The judges later decided that the private sector could not be granted exclusive rights to water resources, such as rivers, springs, lakes and swamps, but may apply for licenses to sell a specified amount of water that would be decided by the government and local residents.

"The private sector cannot monopolize water resources and can only sell a limited volume of water," said justice Aswanto.

The court has also banned the sale of clean water to other countries.

The verdict also reinstates the previous 1974 Water Law until a new law is deliberated.

Experts applauded the decision, saying that it had returned full control over water resources to the government. Energy and mining law expert Bisman Bakhtiar heralded the court's decision, saying that it would push the government to be stricter on water distribution companies nationwide.

"The private sector should not have full control over water resources. The commercialization of water is not prohibited but the government can now be stricter on the companies to ensure that no one company is monopolizing the water resources," he told The Jakarta Post on Thursday.

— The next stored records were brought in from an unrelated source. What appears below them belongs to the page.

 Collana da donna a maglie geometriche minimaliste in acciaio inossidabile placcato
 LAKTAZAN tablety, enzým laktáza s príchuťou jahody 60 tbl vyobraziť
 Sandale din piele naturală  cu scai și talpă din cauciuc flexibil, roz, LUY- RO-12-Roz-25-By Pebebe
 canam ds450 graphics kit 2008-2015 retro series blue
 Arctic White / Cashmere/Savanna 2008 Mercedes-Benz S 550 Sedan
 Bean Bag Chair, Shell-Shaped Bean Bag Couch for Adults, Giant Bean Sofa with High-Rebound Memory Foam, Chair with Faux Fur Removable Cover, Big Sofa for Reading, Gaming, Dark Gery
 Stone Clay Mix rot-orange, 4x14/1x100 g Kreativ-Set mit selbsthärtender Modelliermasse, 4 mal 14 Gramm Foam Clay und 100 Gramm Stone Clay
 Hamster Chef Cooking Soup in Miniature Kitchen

Since the government had the power to distribute water-use permits, Bisman said, it must specify the amount of water and where water distribution companies were allowed to extract water.

He added that the government must also impose strict sanctions on companies that draw water from resources they are not permitted to.

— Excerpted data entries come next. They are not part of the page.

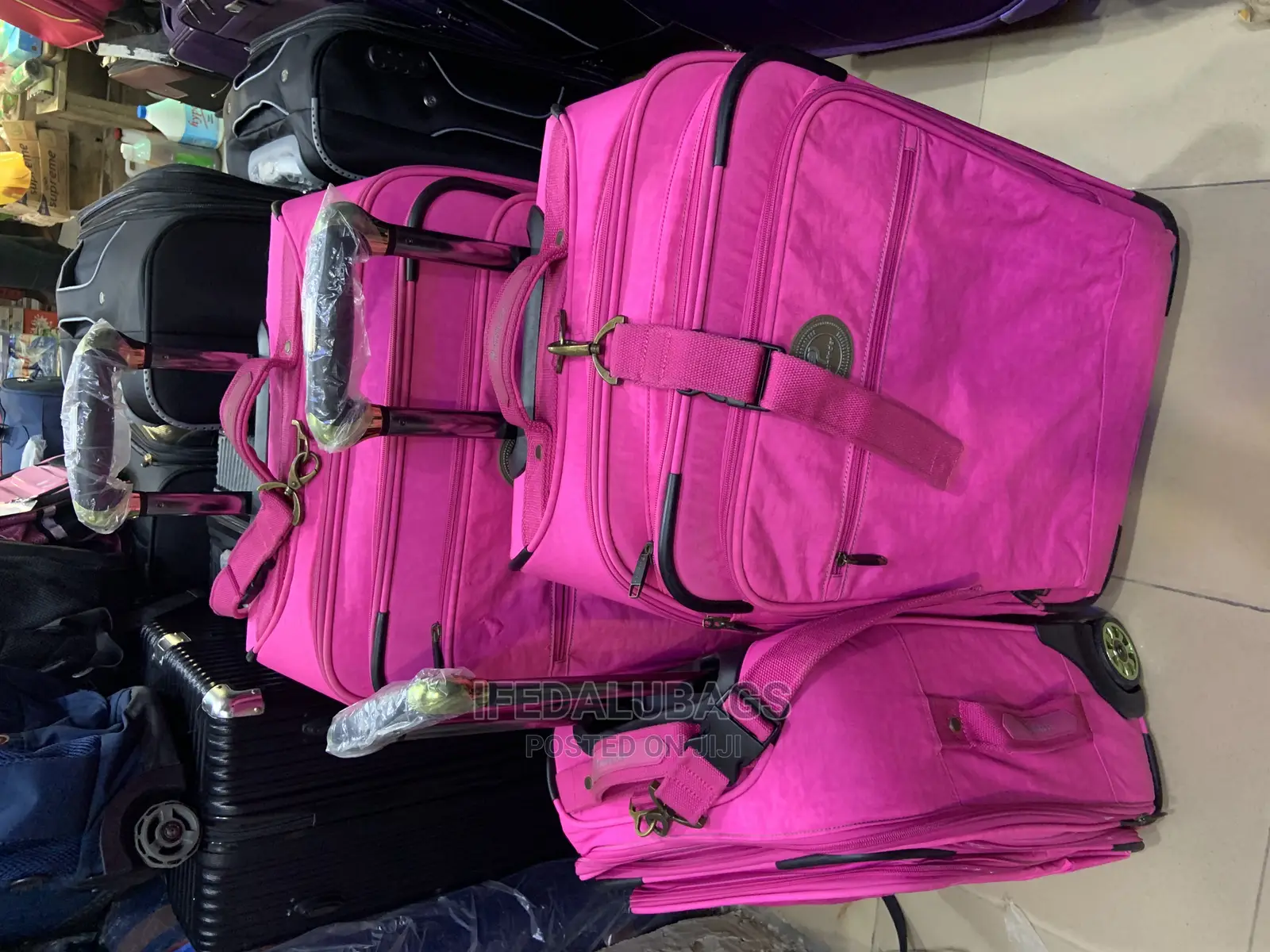 Set of Pink Imported Stock Traveling Luggage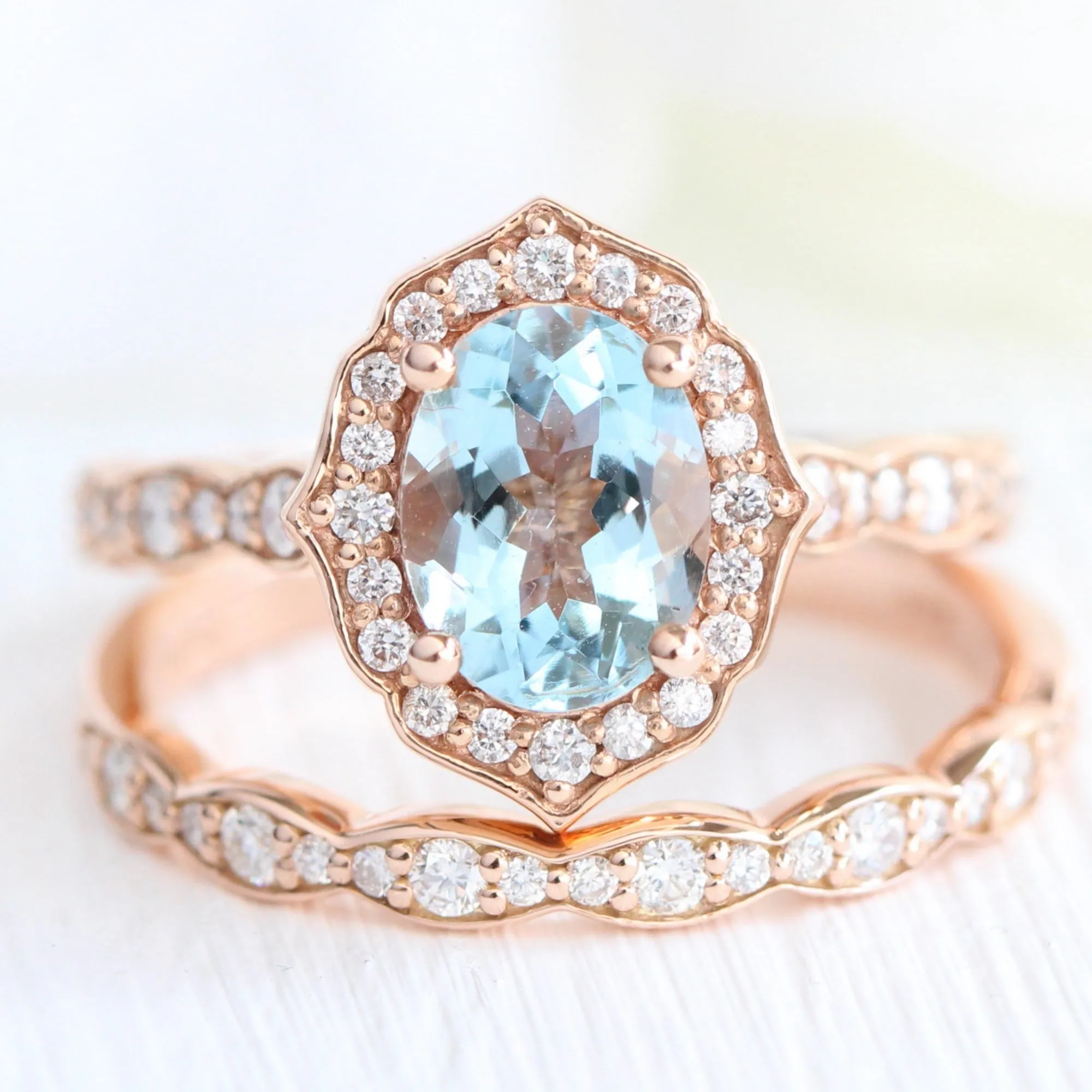 Oval Aquamarine Diamond Ring in Vintage Floral Scalloped Band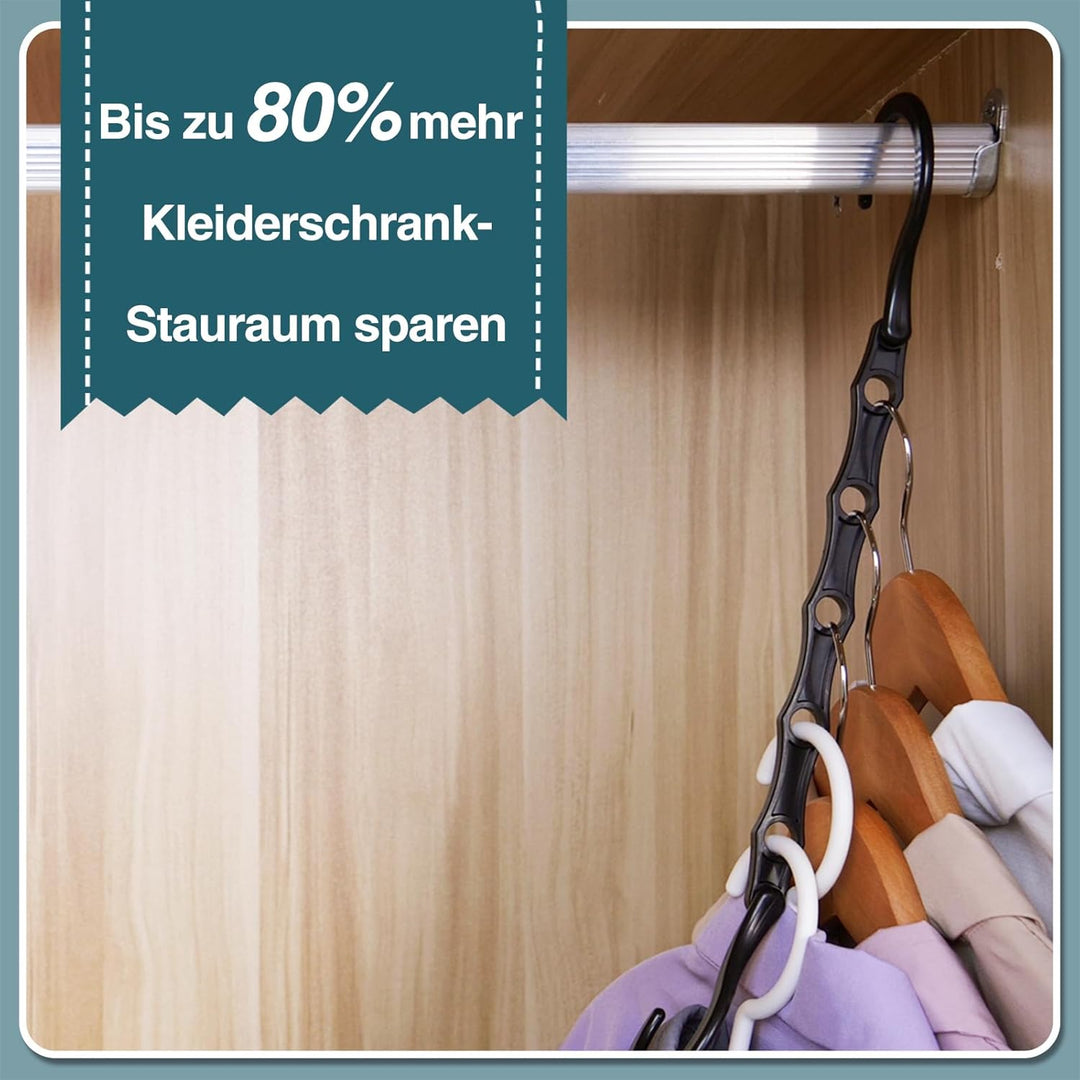 Eupako 20 Stück kleiderbügel platzsparend, Schwarz Magischer kleiderschrank Organizer, Kleidung Idea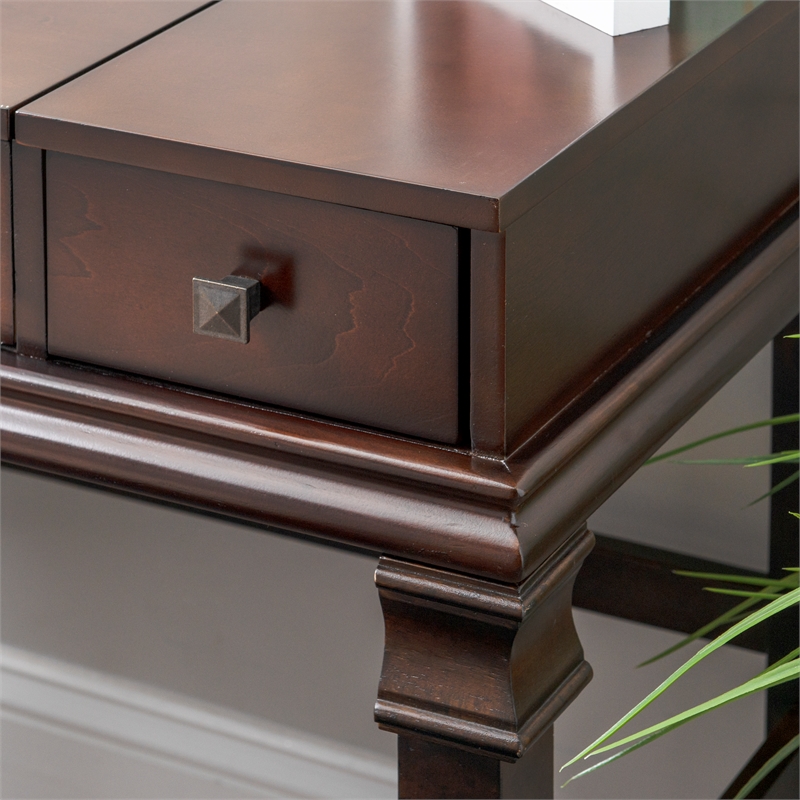 Linon Angela Wood Vanity Set Upholstered Beige Stool 2 Drawers Mirror in Walnut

"This should not be imposed just on big companies. The government should also closely monitor the smaller companies for violations," he said.

Sudaryatmo, a member of the Indonesian Consumers Foundation (YLKI), echoed Bisman's sentiment, adding that the government should draw up an essential commodities act to prevent interference from outside forces, much like India did in 1955.

"The court's decision has made it clear that water is an essential commodity. If the government creates an essential commodities act, it can dictate which commodities it fully controls," he said.

Sudaryatmo said that in the current system, bottled-water prices followed market fluctuations. If an essential commodities act was imposed, the government would have the power to adjust price limits and penalize those selling such commodities above the set limits.

Both Bisman and Sudaryatmo said that the revocation of the law would have little impact on those who currently relied on bottled water due to a lack of clean-water resources.

"I don't think there will be a water crisis. It is unlikely that the companies will stop selling the amount of water they do now. The change would only affect how companies produce and distribute their products," Bisman said.

Edo Rakhman of the Indonesian Forum for the Environment (Walhi) said the repeal of the law should be a boon for locals living near water resources.